Thursday 6 December 2012

Losing Friends

*Content note: ableist language*

I don't go out much and I don't have many friends. I've never been particularly gregarious due to various mental health issues, but lately it's become even worse; I find I'm shedding connections with people at an alarming rate, even people I've known for years, and the weird thing about it is that I don't care. I unfriended someone on Facebook this morning, someone I've known for 12 years, and I have no sad feelings about it at all. I'd been considering it for a while anyway because he's a Nice Guy but I stayed friends with him out of habit, I think. The final straw came this morning though when he used the phrase "window licking, crayon eating, helmet wearing fucktard". Call me oversensitive, but I don't see how those insults are any different to calling someone a "stupid retard", and someone who thinks that these are acceptable things to say is not someone I want to be friends with.

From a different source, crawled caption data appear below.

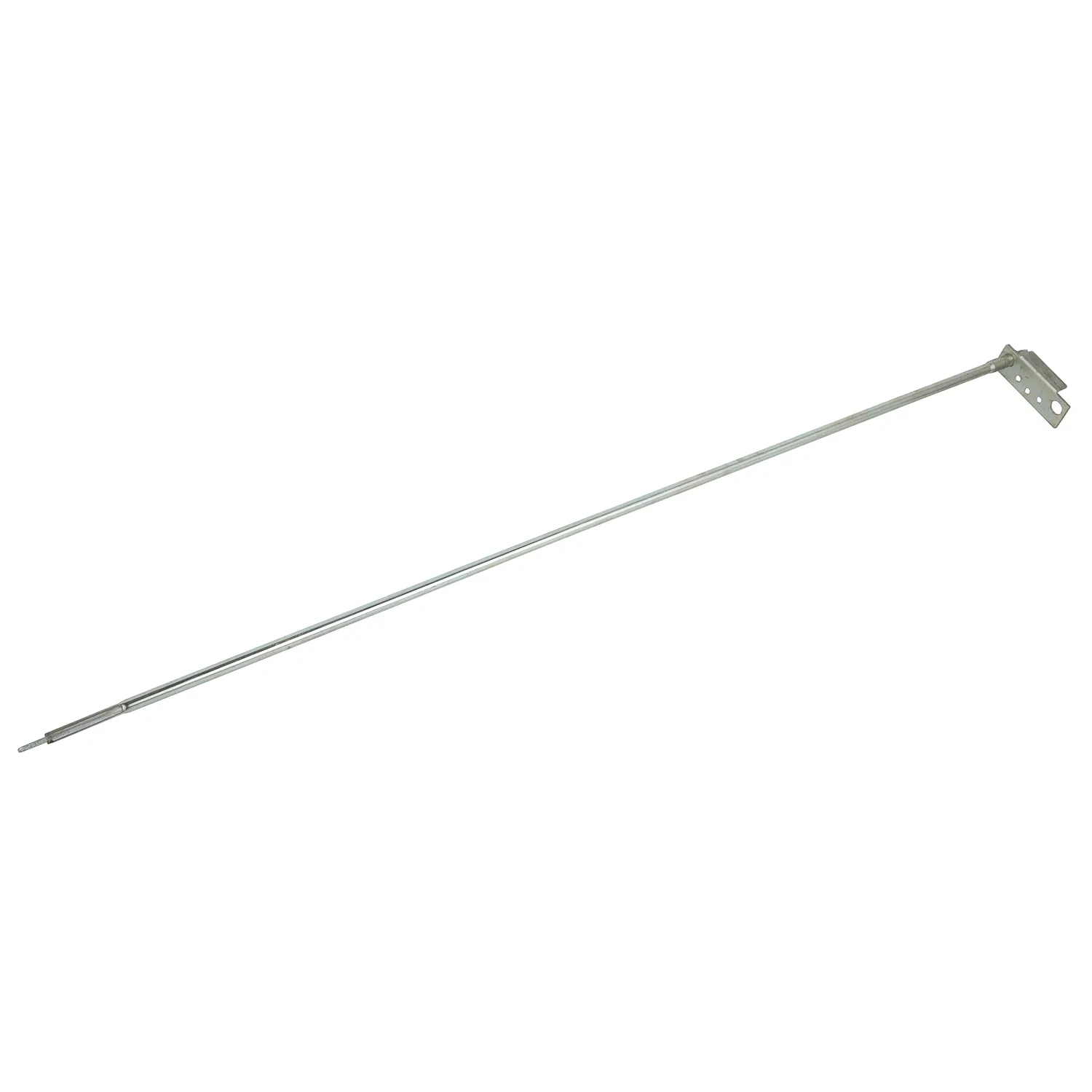 Customizable Automatically Close Automatic Door Closer for Hotel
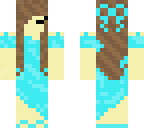my skin sleeping fixed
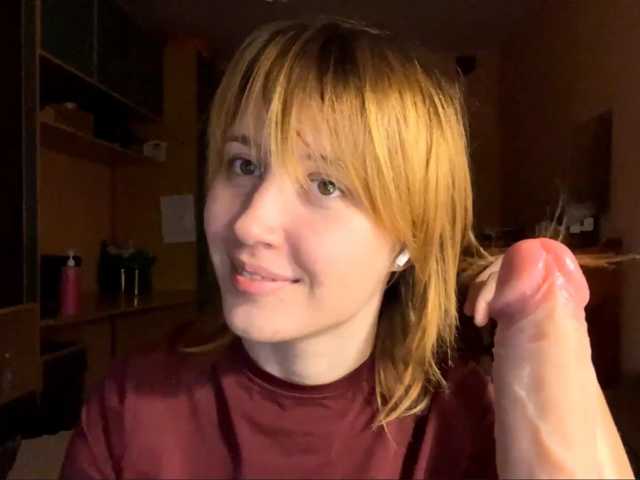Lizamiillss live cam on BongaCams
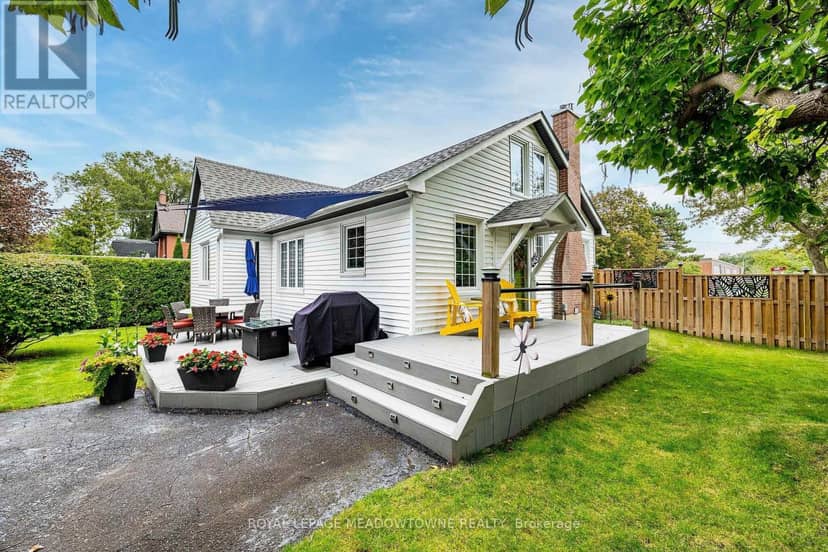 32 Craig Street — photo 39 of 40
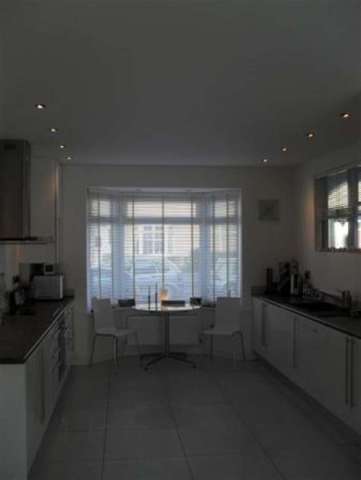  Image of 3 bedroom Semi-Detached house to rent in South Highville Road Childwall Liverpool L16 at Childwall Liverpool Merseyside, L16 9JH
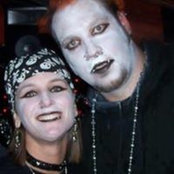 Christa Himmelein's photo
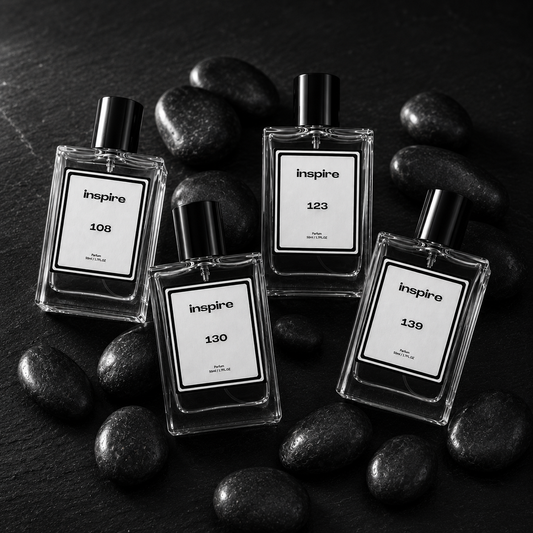 Top 10 Parfums Dupes Pour Le Bureau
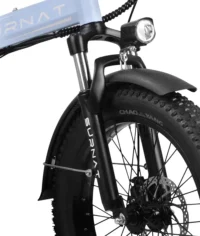 VICTRIP®SURNAT S10 product image view 6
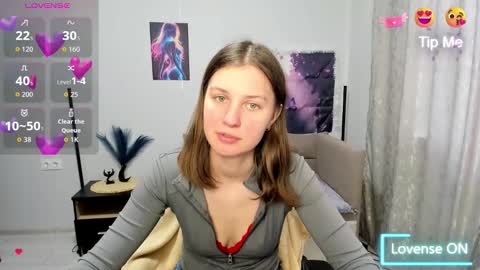 Snapshot of sofia_smilee chatting on March 3, 2026, 1:28 pm Sofia online show from March 3, 2026, 1:28 pm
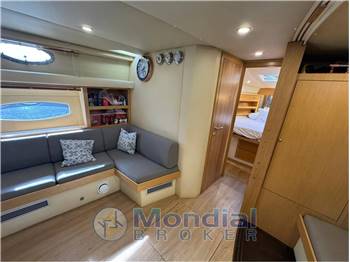 Primatist G46 Pininfarina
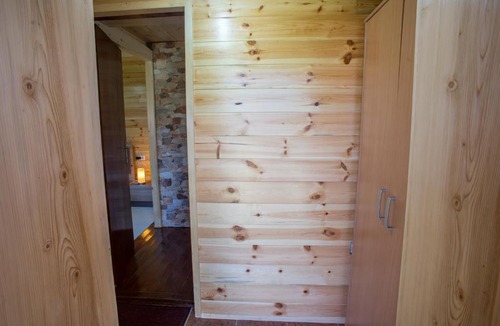 Pitomine Apartment | ŠIBALIĆ APARTMANI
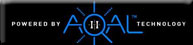 Powered by AQAL!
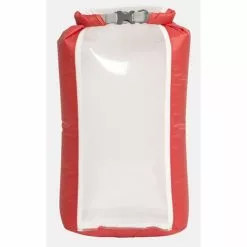 Exped Fold Drybag CS -Deals Hike Store FoldDrybagCSM 7640171994079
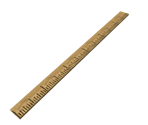 Yardstick - Bully: Scholarship Edition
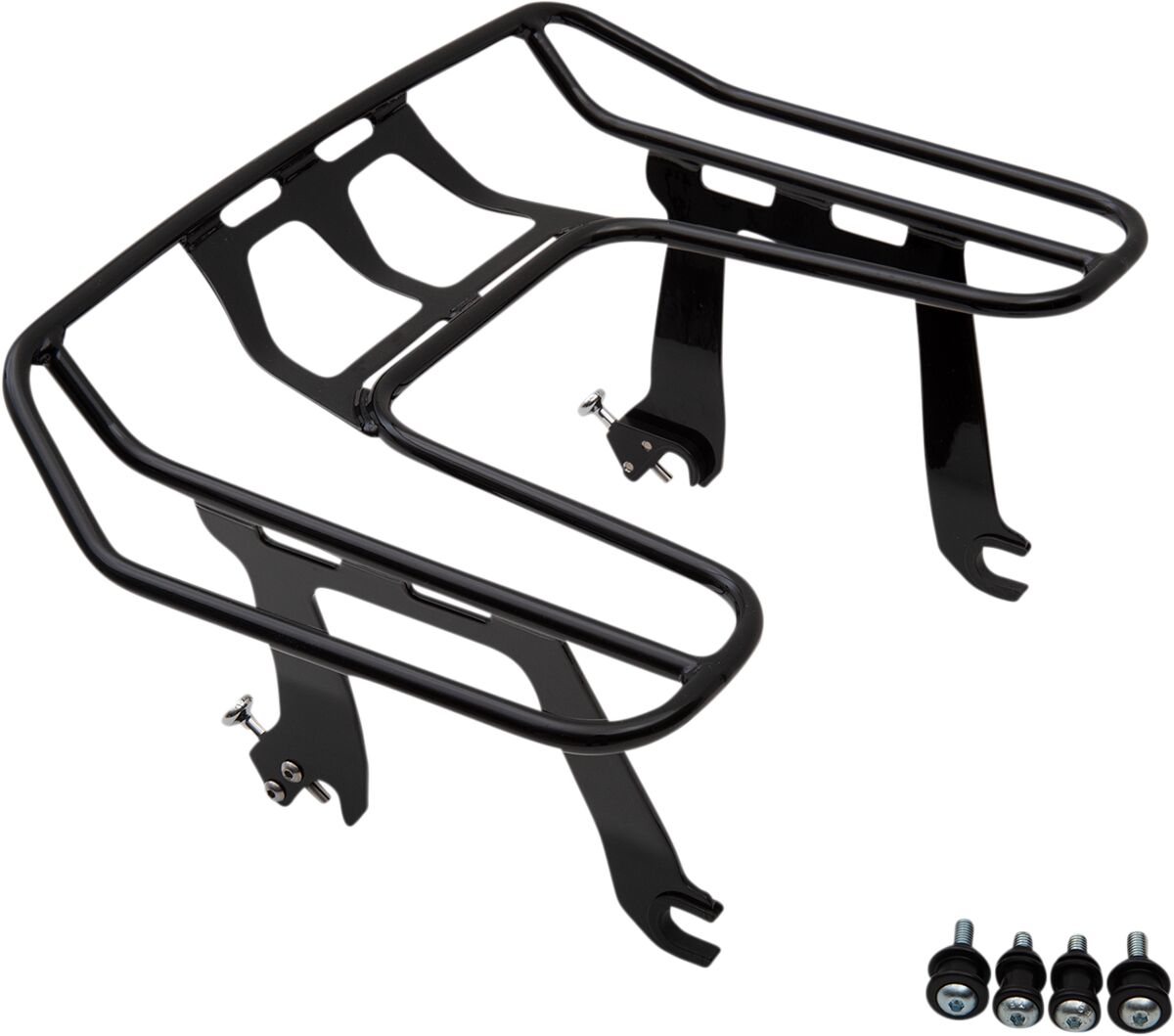15100486 product image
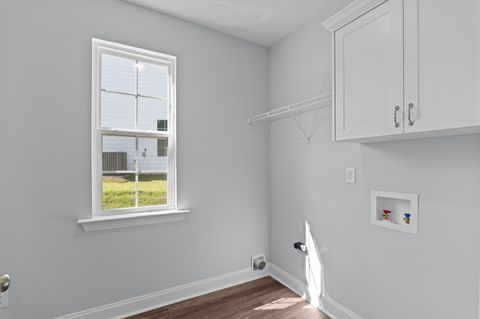 Tiny photo for 1257 Elbron Drive, Augusta, GA 30909 (MLS # 540031)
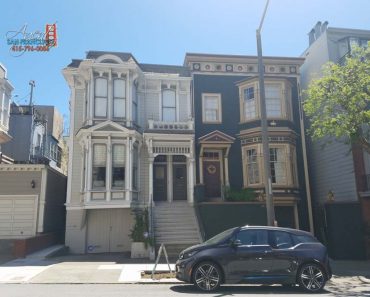 San Francisco | Home Sellers-Avoid A Transaction Collapse | Mortgage residential and commercial home loans SF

My views and opinions and changed so much over the last couple of years, but my friends have stayed the same. I don't fit properly with a lot of them anymore, and it's starting to feel uncomfortable. I know it's possible that they'll change, but I'm not hopeful because most of the stuff that I'm talking about is so socially acceptable that you're seen as weird and 'too politically correct' if you complain. I guess I'll have to make new friends, because I just don't have the energy to fight a losing battle to stay friends with people who I don't particularly like anyway.